The analysis shows that transit accessibility varies across cities, with moderate differences observed in the distribution of listings relative to transportation options. These patterns suggest that accessibility may contribute to pricing and demand differences across locations. However, since this conclusion is based on visual inspection, statistical significance has not been formally established. Further testing would be required to determine whether the observed differences in transit accessibility are meaningful predictors of pricing outcomes. Compares spatial distribution of metro accessibility by city, highlighting denser transit grids vs more car‑oriented peripheries.
The spatial patterns reveal co-located hotspots of cultural and culinary amenities with moderate strength, suggesting that certain neighborhoods concentrate multiple attractive features for visitors. Such clustering indicates that areas offering both cultural and dining experiences may hold a competitive advantage in shaping demand and pricing. However, these findings are based on visual analysis, and their statistical significance requires confirmation through regression modeling to establish whether amenity concentration is a meaningful predictor of listing performance.
# Use real basemaps with leaflet (interactive)
leaflet(combined_data) %>%
addTiles() %>%
addCircleMarkers(~lng, ~lat,
radius = ~attr_index_norm * 5,
color = ~colorNumeric("YlOrRd", attr_index_norm)(attr_index_norm),
popup = ~paste("City:", Country,
"<br>Attr Index:", attr_index,
"<br>Rest Index:", rest_index)) %>%
addLegend("bottomright", pal = colorNumeric("YlOrRd", combined_data$attr_index_norm),
values = ~attr_index_norm, title = "Attr Index (Norm)")

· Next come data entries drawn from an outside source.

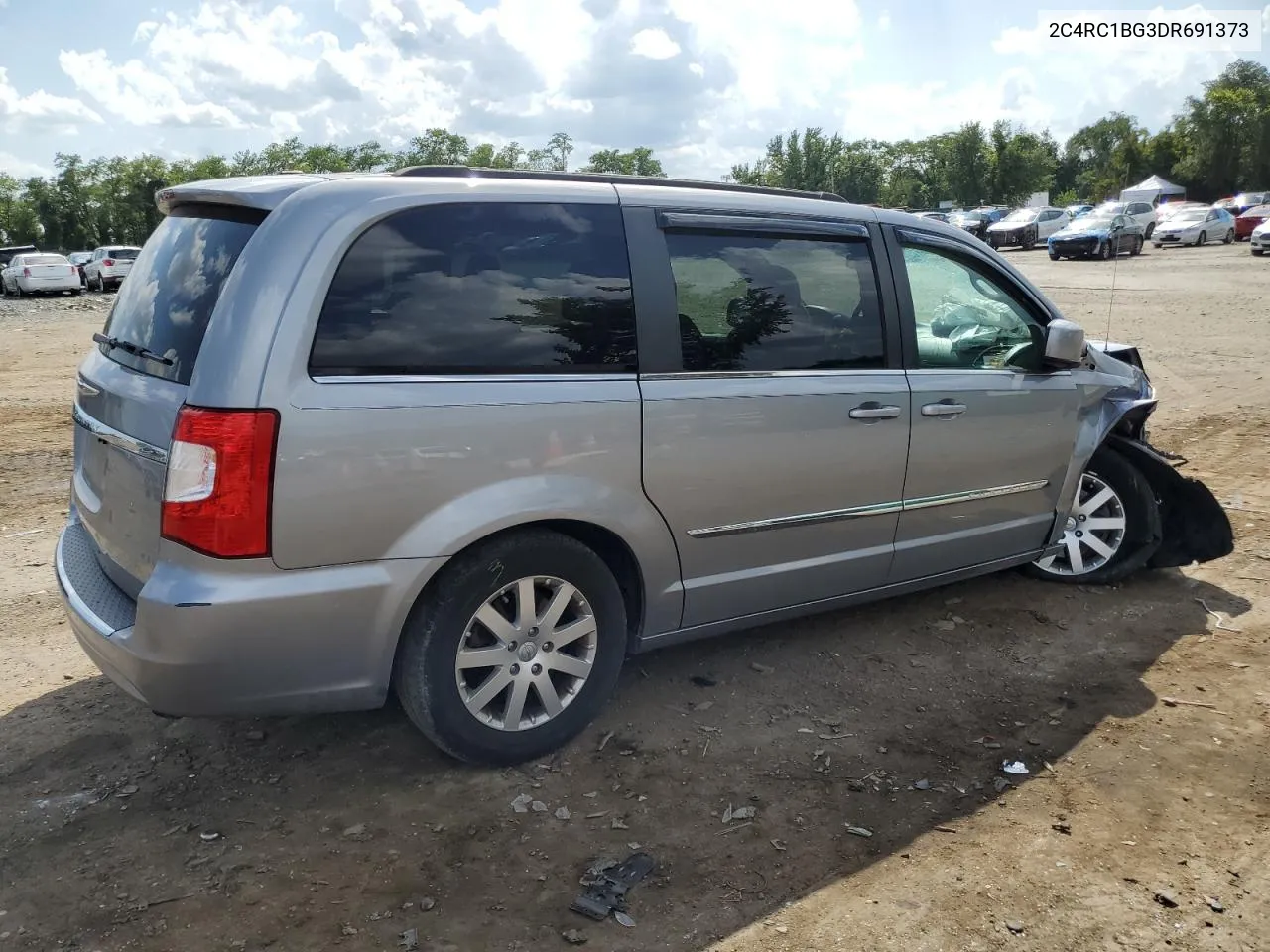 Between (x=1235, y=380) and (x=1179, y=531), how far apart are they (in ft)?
21.5

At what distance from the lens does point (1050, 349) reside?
A: 4.62 m

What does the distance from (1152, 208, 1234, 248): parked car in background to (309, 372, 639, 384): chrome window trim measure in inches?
1709

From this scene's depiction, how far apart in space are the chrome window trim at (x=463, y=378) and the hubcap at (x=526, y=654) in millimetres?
652

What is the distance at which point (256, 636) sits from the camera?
9.72 feet

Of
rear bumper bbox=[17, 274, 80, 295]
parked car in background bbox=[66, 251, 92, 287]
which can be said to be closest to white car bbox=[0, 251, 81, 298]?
rear bumper bbox=[17, 274, 80, 295]

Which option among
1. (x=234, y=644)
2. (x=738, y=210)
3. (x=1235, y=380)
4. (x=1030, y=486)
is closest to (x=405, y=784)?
(x=234, y=644)

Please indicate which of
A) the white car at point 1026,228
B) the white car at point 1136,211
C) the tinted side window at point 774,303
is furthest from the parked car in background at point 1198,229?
the tinted side window at point 774,303

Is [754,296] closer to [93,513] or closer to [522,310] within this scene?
[522,310]

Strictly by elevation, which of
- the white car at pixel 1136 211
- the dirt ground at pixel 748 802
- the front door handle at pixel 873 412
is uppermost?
the white car at pixel 1136 211

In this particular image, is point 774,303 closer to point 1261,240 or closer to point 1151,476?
point 1151,476

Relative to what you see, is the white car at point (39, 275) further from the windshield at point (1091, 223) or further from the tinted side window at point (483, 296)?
the tinted side window at point (483, 296)

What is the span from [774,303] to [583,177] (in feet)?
2.85

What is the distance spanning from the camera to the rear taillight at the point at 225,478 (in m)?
2.86

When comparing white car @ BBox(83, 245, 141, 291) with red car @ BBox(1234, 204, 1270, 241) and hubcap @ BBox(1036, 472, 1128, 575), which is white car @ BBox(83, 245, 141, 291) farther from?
red car @ BBox(1234, 204, 1270, 241) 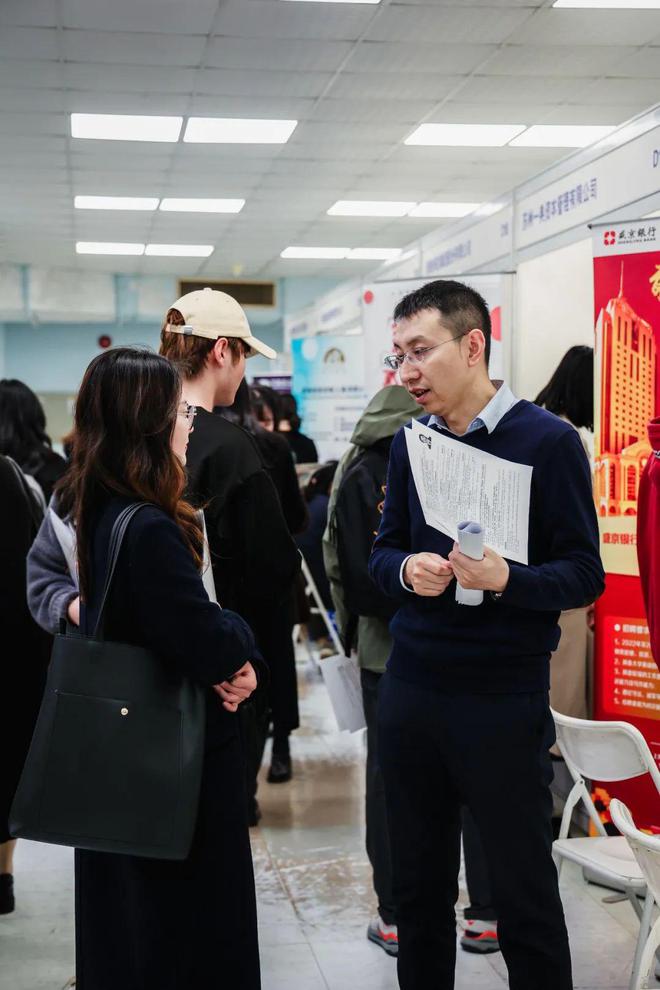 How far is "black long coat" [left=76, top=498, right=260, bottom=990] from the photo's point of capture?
1.63 m

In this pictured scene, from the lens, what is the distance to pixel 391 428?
8.91 ft

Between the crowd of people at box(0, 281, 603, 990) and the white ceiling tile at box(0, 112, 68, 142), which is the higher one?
the white ceiling tile at box(0, 112, 68, 142)

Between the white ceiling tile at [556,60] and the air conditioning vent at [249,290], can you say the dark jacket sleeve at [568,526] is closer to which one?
the white ceiling tile at [556,60]

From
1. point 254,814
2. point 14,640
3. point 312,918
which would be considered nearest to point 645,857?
point 312,918

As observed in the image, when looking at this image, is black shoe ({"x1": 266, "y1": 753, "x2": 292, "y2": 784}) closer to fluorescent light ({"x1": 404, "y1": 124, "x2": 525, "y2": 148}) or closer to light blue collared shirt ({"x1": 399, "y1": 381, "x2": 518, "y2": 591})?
light blue collared shirt ({"x1": 399, "y1": 381, "x2": 518, "y2": 591})

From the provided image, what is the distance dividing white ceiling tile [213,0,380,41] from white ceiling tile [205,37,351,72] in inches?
3.3

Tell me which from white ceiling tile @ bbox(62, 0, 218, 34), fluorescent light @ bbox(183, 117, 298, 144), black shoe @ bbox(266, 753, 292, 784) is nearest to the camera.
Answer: black shoe @ bbox(266, 753, 292, 784)

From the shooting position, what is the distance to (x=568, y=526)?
6.14 ft

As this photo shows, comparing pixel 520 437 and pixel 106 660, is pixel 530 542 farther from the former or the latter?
pixel 106 660

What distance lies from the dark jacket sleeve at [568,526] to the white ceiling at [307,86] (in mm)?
4413

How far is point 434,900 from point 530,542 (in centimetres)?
69

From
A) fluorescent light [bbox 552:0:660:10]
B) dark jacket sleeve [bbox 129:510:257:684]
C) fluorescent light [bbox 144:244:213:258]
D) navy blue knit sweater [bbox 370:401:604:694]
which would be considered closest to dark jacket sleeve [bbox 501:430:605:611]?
navy blue knit sweater [bbox 370:401:604:694]

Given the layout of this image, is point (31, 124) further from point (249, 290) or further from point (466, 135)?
point (249, 290)

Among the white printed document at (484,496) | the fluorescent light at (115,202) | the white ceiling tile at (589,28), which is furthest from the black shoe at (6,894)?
the fluorescent light at (115,202) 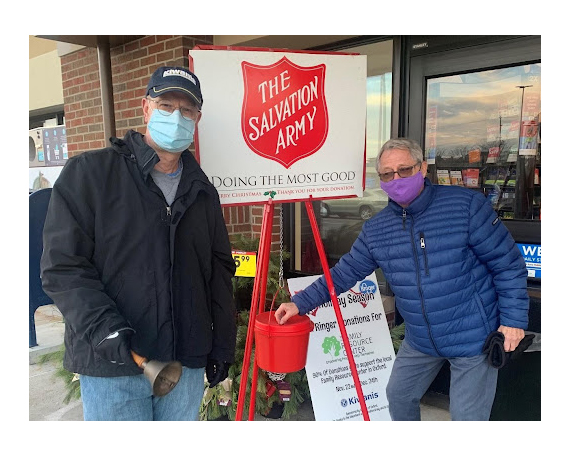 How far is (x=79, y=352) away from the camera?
5.24 ft

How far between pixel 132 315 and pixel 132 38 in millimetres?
3081

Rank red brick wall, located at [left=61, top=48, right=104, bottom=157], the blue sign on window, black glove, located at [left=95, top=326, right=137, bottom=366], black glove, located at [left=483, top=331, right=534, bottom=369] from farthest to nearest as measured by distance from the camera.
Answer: red brick wall, located at [left=61, top=48, right=104, bottom=157] < the blue sign on window < black glove, located at [left=483, top=331, right=534, bottom=369] < black glove, located at [left=95, top=326, right=137, bottom=366]

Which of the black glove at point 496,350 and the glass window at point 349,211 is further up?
the glass window at point 349,211

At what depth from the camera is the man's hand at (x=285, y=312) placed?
224cm

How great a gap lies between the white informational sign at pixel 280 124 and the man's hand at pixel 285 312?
583 millimetres

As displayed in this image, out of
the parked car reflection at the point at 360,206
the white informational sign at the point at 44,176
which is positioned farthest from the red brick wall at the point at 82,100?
the parked car reflection at the point at 360,206

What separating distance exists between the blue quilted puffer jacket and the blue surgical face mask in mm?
1057

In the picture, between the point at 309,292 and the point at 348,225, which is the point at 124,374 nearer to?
the point at 309,292

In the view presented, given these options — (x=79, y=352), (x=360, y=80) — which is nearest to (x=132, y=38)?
(x=360, y=80)

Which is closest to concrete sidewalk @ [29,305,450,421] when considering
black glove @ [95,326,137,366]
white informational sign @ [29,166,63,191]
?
black glove @ [95,326,137,366]

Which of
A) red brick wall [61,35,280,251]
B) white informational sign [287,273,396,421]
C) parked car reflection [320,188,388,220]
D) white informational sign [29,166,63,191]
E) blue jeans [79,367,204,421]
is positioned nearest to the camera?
blue jeans [79,367,204,421]

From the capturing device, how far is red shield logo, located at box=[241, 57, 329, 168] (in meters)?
2.32

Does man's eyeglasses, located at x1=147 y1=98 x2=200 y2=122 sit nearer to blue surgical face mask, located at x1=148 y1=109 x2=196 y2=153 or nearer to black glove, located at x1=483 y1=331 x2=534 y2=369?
blue surgical face mask, located at x1=148 y1=109 x2=196 y2=153

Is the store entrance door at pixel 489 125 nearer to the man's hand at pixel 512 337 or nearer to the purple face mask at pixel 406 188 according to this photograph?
the man's hand at pixel 512 337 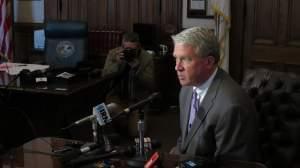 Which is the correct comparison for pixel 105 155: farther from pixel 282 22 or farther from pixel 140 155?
pixel 282 22

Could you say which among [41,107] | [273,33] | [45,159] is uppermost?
[273,33]

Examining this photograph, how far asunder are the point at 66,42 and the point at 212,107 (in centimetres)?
345

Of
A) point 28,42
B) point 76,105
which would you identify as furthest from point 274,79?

The interactive mapping results highlight localized clusters of high attractiveness, which appear visually moderate to strong in intensity. These clusters suggest that specific neighborhoods or districts consistently draw higher demand, likely due to their proximity to cultural, commercial, or leisure amenities. The spatial concentration of attractiveness reinforces the importance of location in shaping Airbnb performance. Nonetheless, as these observations are derived from visual inspection, further statistical validation is necessary to confirm the strength and significance of these localized effects.